600 Harrison Street, 3rd Floor
San Francisco, California 94107
Telephone: (415) 813-1710
(Name, address and telephone numbers of person authorized to receive notices and communications on behalf of filing persons)
Copies to:
Tony Jeffries Yoichiro Taku Lianna Whittleton Christina Poulsen Wilson Sonsini Goodrich & Rosati Professional Corporation 650 Page Mill Road Palo Alto, California 94304 (650) 493-9300 | Ken Hirschman Sarah Tian Udemy, Inc. 600 Harrison Street, 3rd Floor San Francisco, California 94107 (415) 813-1710 |
☐ | Check the box if the filing relates solely to preliminary communications made before the commencement of a tender offer. |
If applicable, check the appropriate box(es) below to designate the appropriate rule provision(s) relied upon:
☒ | Rule 13e-4(i) (Cross-Border Issuer Tender Offer) |
☐ | Rule 14d-1(d) (Cross-Border Third-Party Tender Offer) |
Check the appropriate boxes below to designate any transactions to which the statement relates:
☐ | third party tender offer subject to Rule 14d-1. |
☒ | issuer tender offer subject to Rule 13e-4. |
☐ | going-private transaction subject to Rule 13e-3. |
☐ | amendment to Schedule 13D under Rule 13d-2. |
Check the following box if the filing is a final amendment reporting the results of the tender offer: ☒
This Amendment No. 2 (“Amendment No. 2”) amends and supplements the Tender Offer Statement on Schedule TO originally filed with the Securities and Exchange Commission (the “SEC”) on July 11, 2022 (the “Schedule TO”), by Udemy, Inc., a Delaware corporation (“Udemy” or the “Company”), related to the Company’s offer to exchange (the “Exchange Offer”) certain options to purchase up to an aggregate of 7,373,532 shares of the Company’s common stock and certain stock appreciation rights covering up to an aggregate of 22,655 shares of the Company’s common stock, whether vested or unvested, with an exercise price per share greater than US$11.13 (the “Eligible Awards”).
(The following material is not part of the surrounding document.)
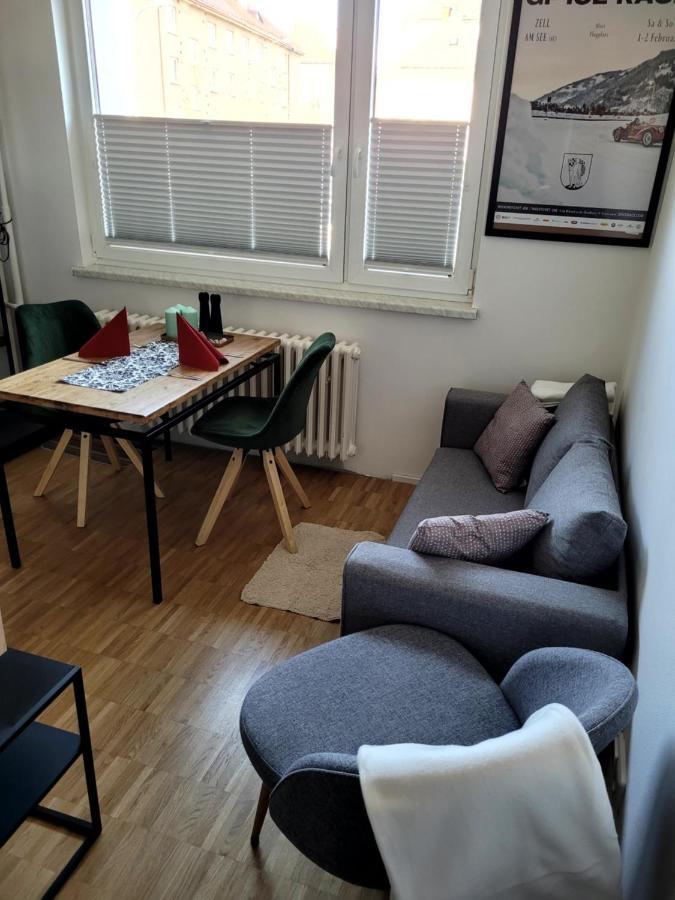 Apartmán v centru Appartamento Šumperk Esterno foto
Filed in satisfaction of the reporting requirements of Rule 13e-4(c)(4) promulgated under the Securities Exchange Act of 1934, this Amendment No. 2 is being filed solely to correct a scrivener’s error included in Amendment No. 1 to the Schedule TO filed with the SEC on August 8, 2022 (“Amendment No. 1”) and re-amend “Item 4 - Terms of the Transaction” to reflect the final results of the Offer to Exchange under the caption “Material Terms.” Only those items amended are reported in this Amendment No. 2. Except as specifically provided herein, the information contained in the Schedule TO remains unchanged, and this Amendment No. 2 does not modify any of the information previously reported in the Schedule TO other than as specifically provided herein.
Item 4. Terms of the Transaction.
Item 4 of the Schedule TO is hereby amended to include the following:
“The Exchange Offer expired on August 6, 2022, at 6:00 p.m., Pacific Time. A total of 617 Eligible Employees elected to exchange Eligible Awards in the offer. Pursuant to the terms and conditions of the offer, the Company accepted for exchange Eligible Awards to purchase a total of 6,958,544 shares of the Company’s common stock, representing approximately 97% of the total shares of common stock underlying the Eligible Awards. All surrendered options and stock appreciation rights were cancelled effective as of the expiration of the option exchange, and immediately thereafter, in exchange therefor, the Company granted restricted stock units representing 6,958,544 shares of Udemy common stock pursuant to the terms of the offer and the Company’s 2021 Equity Incentive Plan.”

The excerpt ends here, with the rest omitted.